Start of DATA SUPPLIED

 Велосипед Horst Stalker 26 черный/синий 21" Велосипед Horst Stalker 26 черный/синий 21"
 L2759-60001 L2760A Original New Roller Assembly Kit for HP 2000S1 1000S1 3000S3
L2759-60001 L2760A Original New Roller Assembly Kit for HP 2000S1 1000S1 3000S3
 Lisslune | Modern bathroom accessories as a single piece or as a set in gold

End of DATA SUPPLIED
Start of DATA SUPPLIED

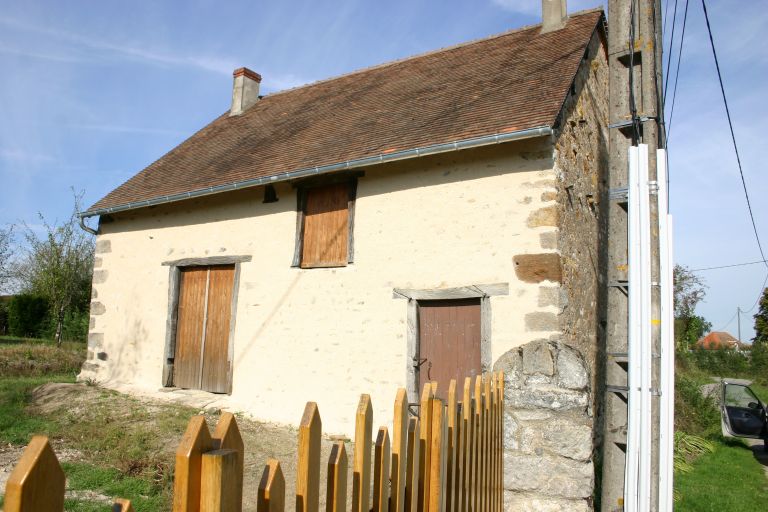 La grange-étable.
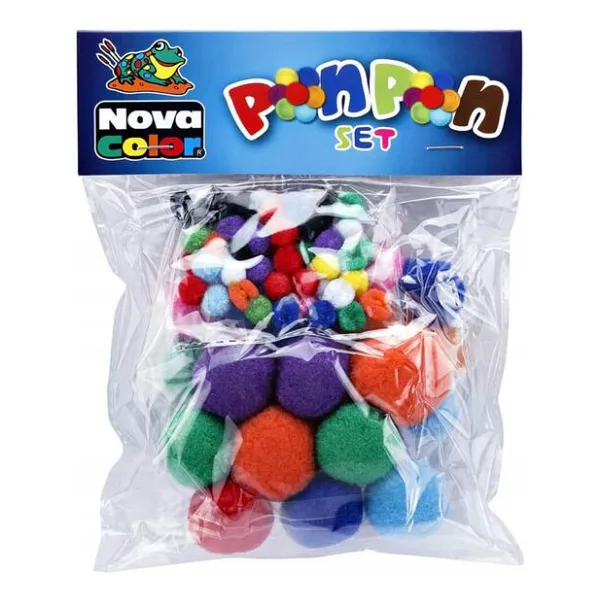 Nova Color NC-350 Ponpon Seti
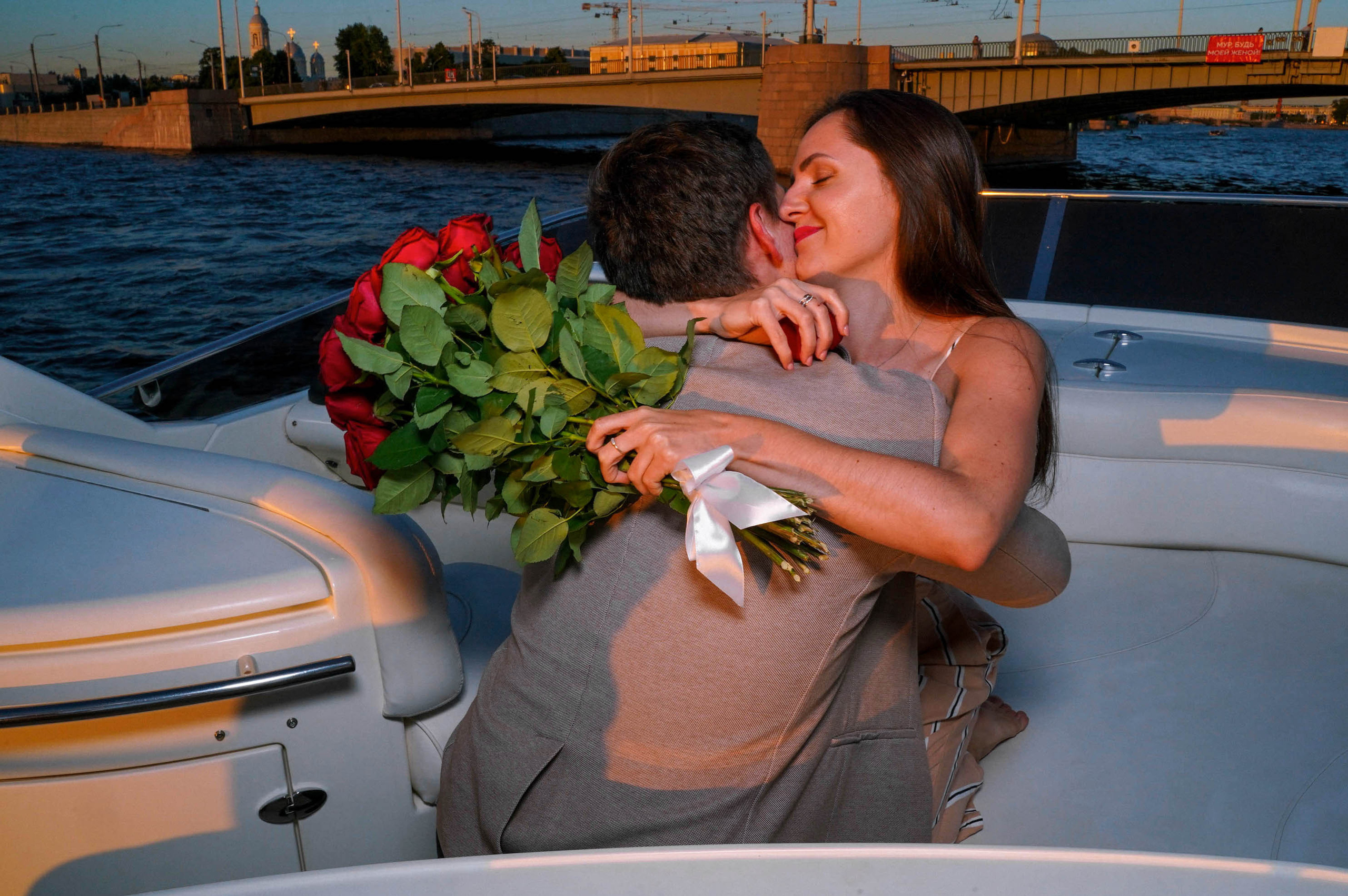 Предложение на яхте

End of DATA SUPPLIED
Start of DATA SUPPLIED

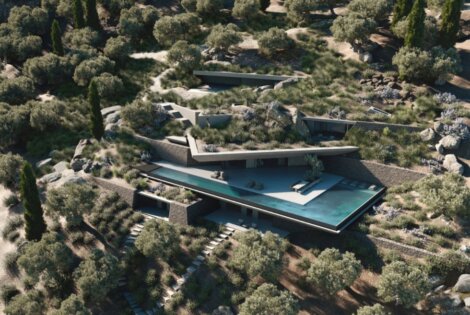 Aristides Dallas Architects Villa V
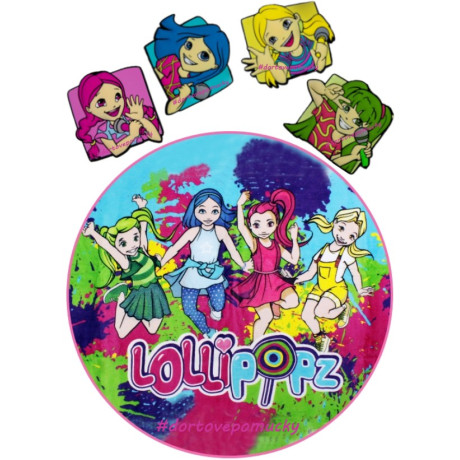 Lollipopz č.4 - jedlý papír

End of DATA SUPPLIED

ACTIVITY: Check each line of the records above for "Original", and copy those that have it.

TASK RESPONSE:
 L2759-60001 L2760A Original New Roller Assembly Kit for HP 2000S1 1000S1 3000S3
L2759-60001 L2760A Original New Roller Assembly Kit for HP 2000S1 1000S1 3000S3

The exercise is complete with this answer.